Tokio 1964: la squadra nazionale degli atleti paraplegici. Al centro con il vestito grigio Giovanni Maurizi
Dal 1960, i giochi diventano ufficialmente Paralimpiadi e, nel 1964, Giovanni partecipa, ottenendo anche buoni piazzamenti, a Tokio in Giappone e nel 1968, e poi a quelle di Tel Aviv, in Israele. Alla fine della carriera, il suo palmarès conta due ori, un argento e sei bronzi. Sarà anche primatista mondiale nel lancio del giavellotto. Il Presidente della Repubblica, Antonio Segni, gli darà l’onorificenza di Cavaliere d’Italia.
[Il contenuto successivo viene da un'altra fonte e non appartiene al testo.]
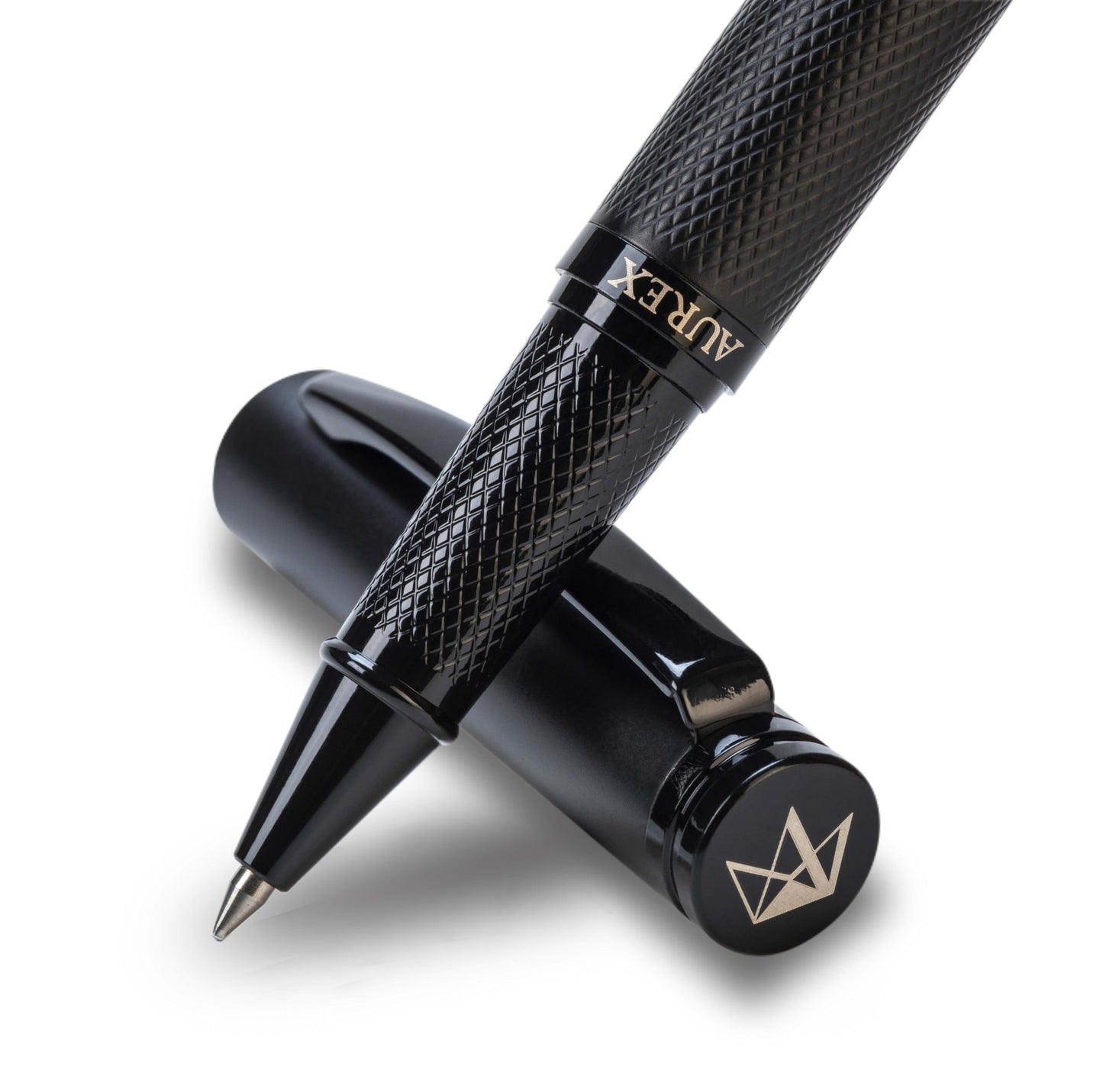 AUREX Luxury Black Rollerball Pen – Metal Pen with Cap, Micro Tip, Diamond Body Design, Gift Box & Blue + Black Ink – Executive Writing Pen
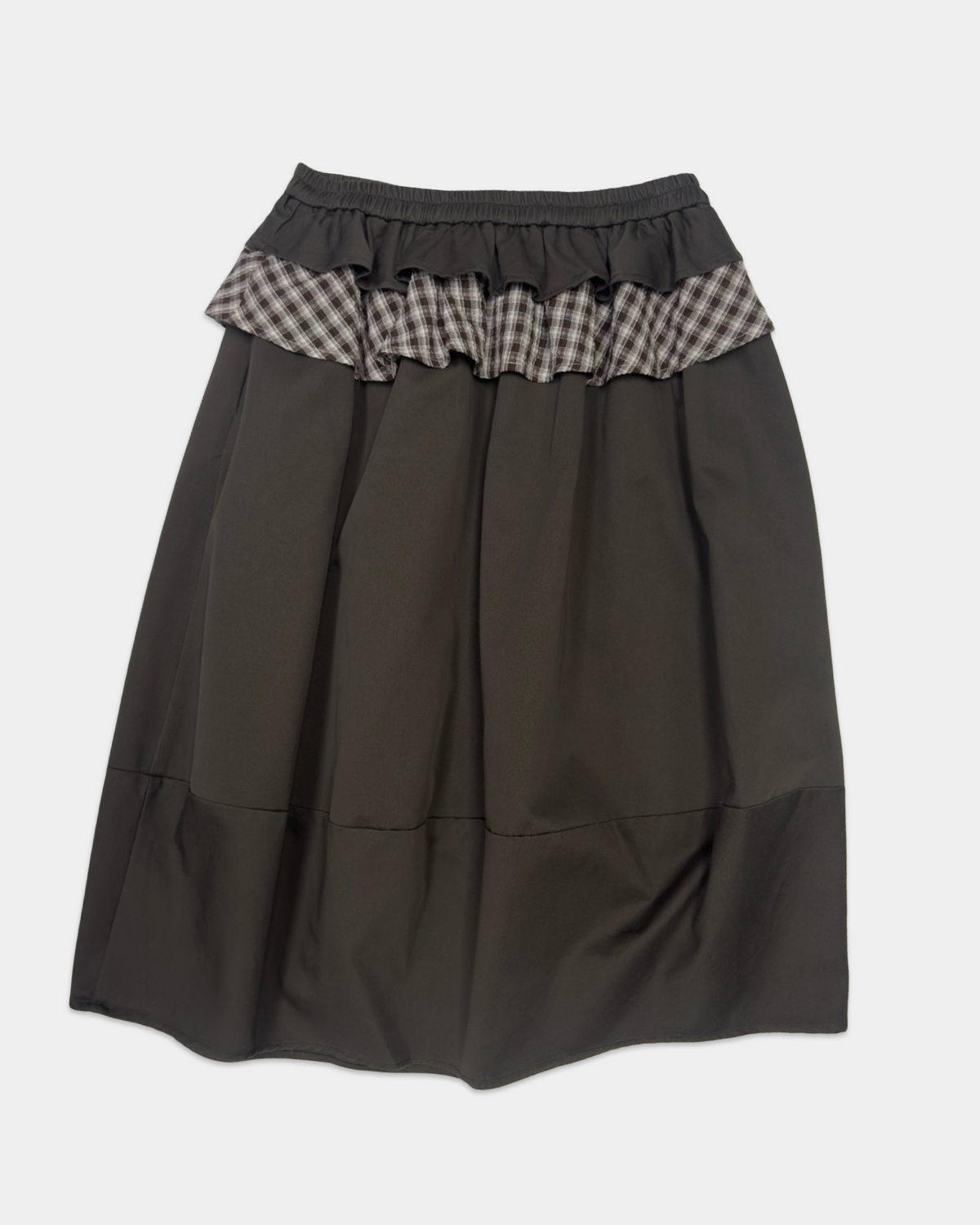 Brown Layered Plaid Ruffle Midi Skirt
Giovanni Maurizi muore l’8 gennaio 1976, a soli quarantanove anni, per complicazioni legate al suo stato fisico.

L'atleta paralimpico Giovanni Maurizi insignito del titolo di Cavaliere d'Italia
L’incontro con il figlio Claudio
Incontro Claudio al Circolo Cittadino Sante Palumbo. La nostra chiacchierata comincia proprio con il parlare dei nostri genitori. Delle nostre mamme ormai ultranovantenni e dei nostri padri che ci hanno lasciato troppo presto.
Che ricordi hai di tuo papà?
“ Considera che quando morì avevo solo tredici anni. Lo ricordo come un padre affettuoso, ma anche un grande combattente, soprattutto per i diritti delle persone con disabilità. Ricordo le sue difficoltà quando doveva andare in qualche ufficio e non sapeva dove parcheggiare, perché allora non esistevano i posti auto per disabili. Prendeva spesso le multe per i suoi parcheggi volanti e poi doveva correre negli uffici dei vigili urbani per farsele togliere”
E del suo amore per lo sport
“È stata la sua salvezza, amava qualsiasi sport. Mi portava sempre allo stadio a vedere il Latina e a me non piace il calcio, però amavo stare con lui, anche perché era sempre fuori ad allenarsi e io lo vedevo poco.”

Giovanni Maurizi colloquia con alcuni politici
Giovanni Maurizi ha vissuto una vita spezzata e ricostruita, tra dolore e riscatto. Lo ha fatto in silenzio, con la sola forza del carattere e dello sport. Oggi il suo nome è sconosciuto ai più, ma la sua storia parla ancora. È un esempio. E come tutti gli esempi, merita memoria pubblica. Una targa, una via, un gesto simbolico: non per retorica, ma per giustizia. Perché una città che dimentica i suoi eroi silenziosi, finisce per dimenticare anche sé stessa.
Caro Emilio, LA mia famiglia con la famiglia di Giovanni è legatissima, con storie bellissime di parentela, che si intrecciano. Grazie per aver portato alla luce la sua grande storia sportiva, e per la sua grandissima umanità Dimostrata nei suoi anni di vita.